Challenges to TB Control Efforts
The challenges to TB control are multifaceted: socio-economic factors, limited access to convenient TB diagnostic centers and lack of sensitive and rapid TB tests.

The TB case detection rate for Zimbabwe is reported at 46%, of which 29% are smear positive. Smear microscopy is the routinely available test for TB with a sensitivity of less than 50%. TB patients who are smear negative have to make numerous return visits to a health facility with referrals for chest radiography before they can be started on TB treatment based on clinical grounds.

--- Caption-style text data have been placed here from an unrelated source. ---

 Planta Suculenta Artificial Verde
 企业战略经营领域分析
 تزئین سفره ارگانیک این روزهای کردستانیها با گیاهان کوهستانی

Because HIV complicates the symptoms of TB, HIV co-infected TB patients lack the classic symptoms for TB, making clinical diagnosis difficult and protracted. This process is characterized by low follow-up rates and high morbidity and mortality. In Harare, a study showed that 35% of still symptomatic TB suspects had culture proven TB and of these 13% died within 2 months of their first clinic visit.2

A significant number of undiagnosed TB cases exist in the community as TB suspects fail to report for TB investigations at health facilities due to lack of knowledge of TB symptoms and opportunity costs. Studies in Malawi have shown that the cost of seeking a TB diagnosis in so called “free government facilities” can be up to of 240% of a family’s monthly income.3In Harare, only 20% of the TB suspects were able to pay for radiography and clinical examination.4

PSI/Zimbabwe’s HIV/TB Collaborative Activities and Outcomes
The National TB Program (NTP) in Zimbawe, with the help of partners, is implementing several strategies of identifying and treating TB cases. In collaboration with NTP’s efforts on active TB cases finding, since 2005, PSI/Zimbabwe has been offering TB screening and referrals, using a standard questionnaire administered to clients seeking HIV testing and counselling in its network of 18 centres branded New Start. All councelors at New Start centers are equipped with counseling skills necessary to administer the screening tool and identify TB suspects. Since the introduction of the TB screening questionnaire, a total of 24,000 TB suspects have been identified and referred to TB diagnostic centers for investigation and possible treatment. Of the referred TB suspects, 10,000 received TB diagnostic services and 3,000 started TB treatment.

PSI/Zimbabwe also implements an advocacy, communication and social mobilization (ACSM) intervention aimed at addressing the TB information gap in the community. The intervention has reached 2.4 million individuals with interpersonal communications and a further 3.8 million individuals each month via mass media

The program has also resulted in good collaboration between New Start and TB care service providers in Zimbabwe, improved capacity of New Start testing and counseling counselors to handle TB suspects, and benefitted non-symptomatic HIV positive clients with preventive TB counseling.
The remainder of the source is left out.